A new lawsuit involving the Lafayette Police Department.
Attorneys want documents, recordings, and all evidence dealing with an incident that happened in October of last year involving off-duty officer, Jeremy Dupuis. The suit, filed by Kane Marceaux who is involved in a previous suit, claims he passed out drunk in his personal vehicle in a Mcdonalds' parking lot.
An employee at Mcdonalds made the 911 call, describing Dupuis' condition.
"You need to send someone over here. He looks like he's going to have a seizure or something," the employee said the the 911 dispatcher.
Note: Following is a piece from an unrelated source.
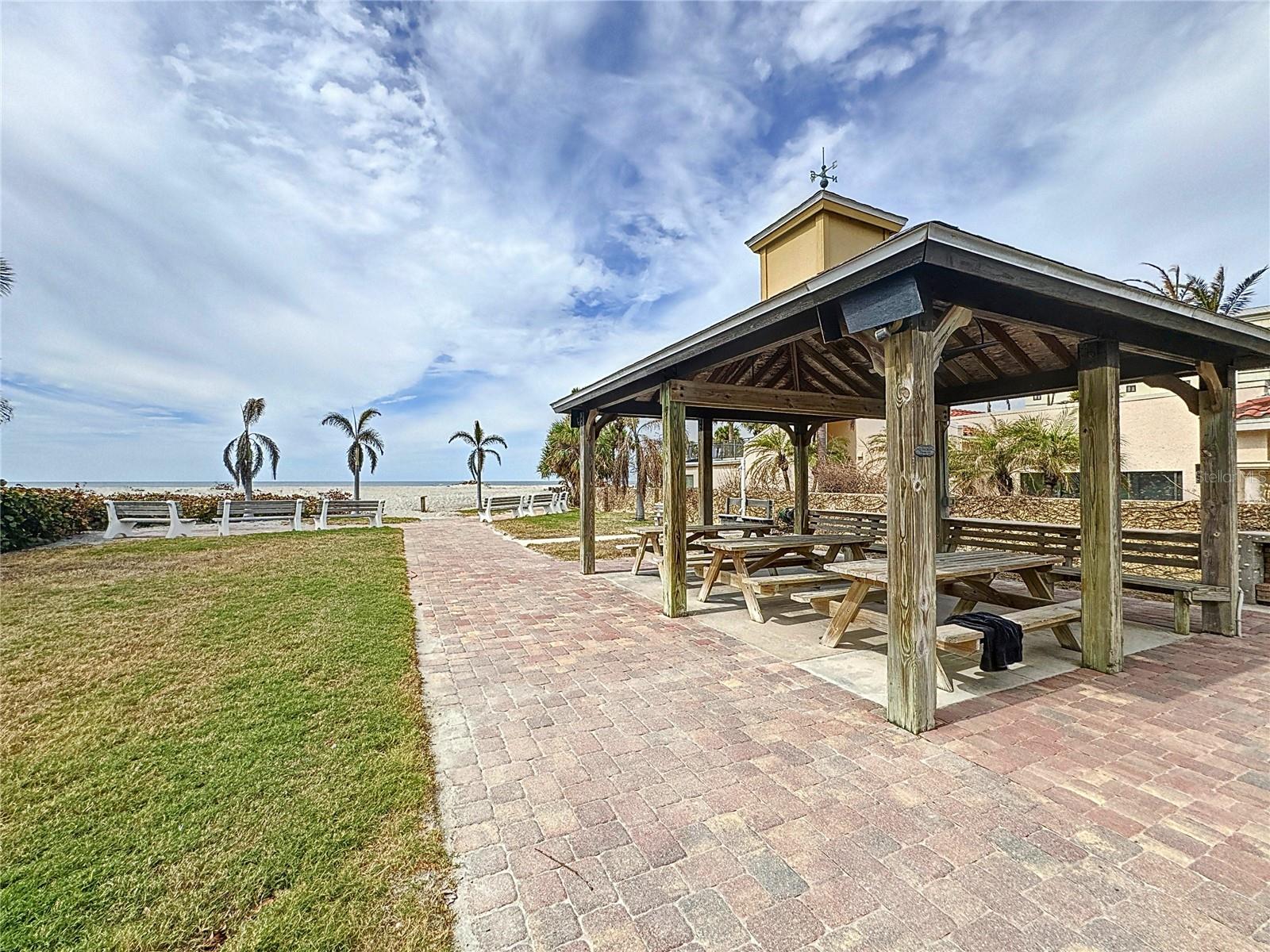 GOLDEN BEACH - Residential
The suit claims when an officer arrived at Mcdonalds, he called his higher-ups, asking what to do. The suit alleges supervisors decided not to call Internal Affairs and took Dupuis home. The basis of the suit, attorneys want recordings of those conversations saying the calls were made through LPD recorded telephone lines and they should have been recorded and archived. An officer recorded a meeting between Chief Craft and four others in the department. Craft indicates Dupuis broke the law.
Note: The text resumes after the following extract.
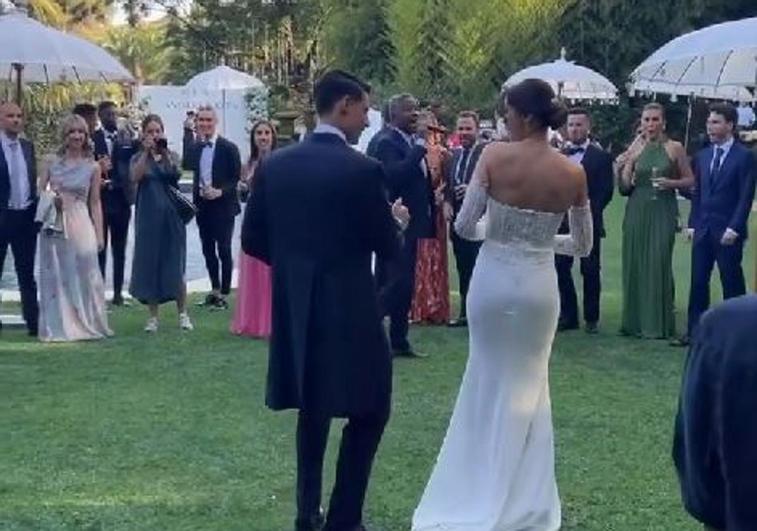 Kepa Arrizabalaga Baila A Ritmo De Bachata En Su Boda El Correo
"Jeremy Dupuis probably did have too much to drink, did operate his vehicle while intoxicated, and couldn't make it home and passed out in a parking lot. He could have killed someone," said Craft in the recording.
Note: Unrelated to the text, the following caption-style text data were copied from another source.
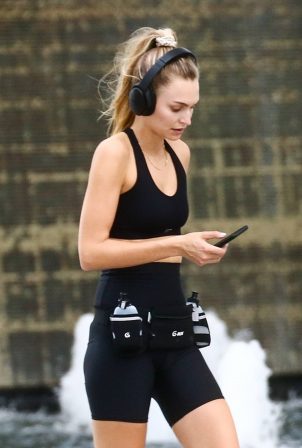 Roosmarijn de Kok in Gym Outfit - Out for a walk in Miami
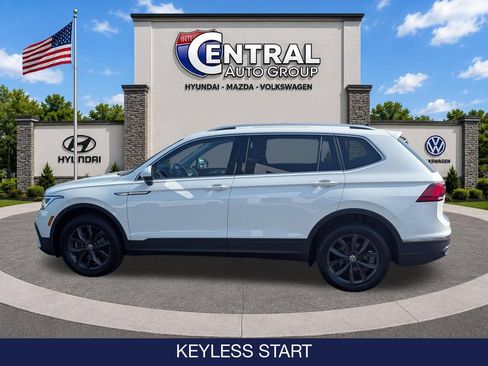 Certified 2024 Volkswagen Tiguan SE AWD/4WD image 5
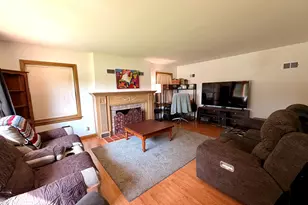 2914 S 76th St, West Allis, WI 53219 - Photo 9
Craft is heard in the recording saying officers need to conduct themselves better in public. The suit alleges the investigation was downgraded from an Internal Affairs investigation to a shift-level investigation. But Lafayette Police Department spokesperson Corporal Paul Mouton says officers investigated the incident thoroughly and Dupuis was dealt with. How he was dealth with? That information isn't available because personnel matters are private, but the lawsuit says Dupuis was suspended for one day. The attorneys want the Lafayette Parish Council to either allow the Attorney General's Office or FBI to conduct an investigation.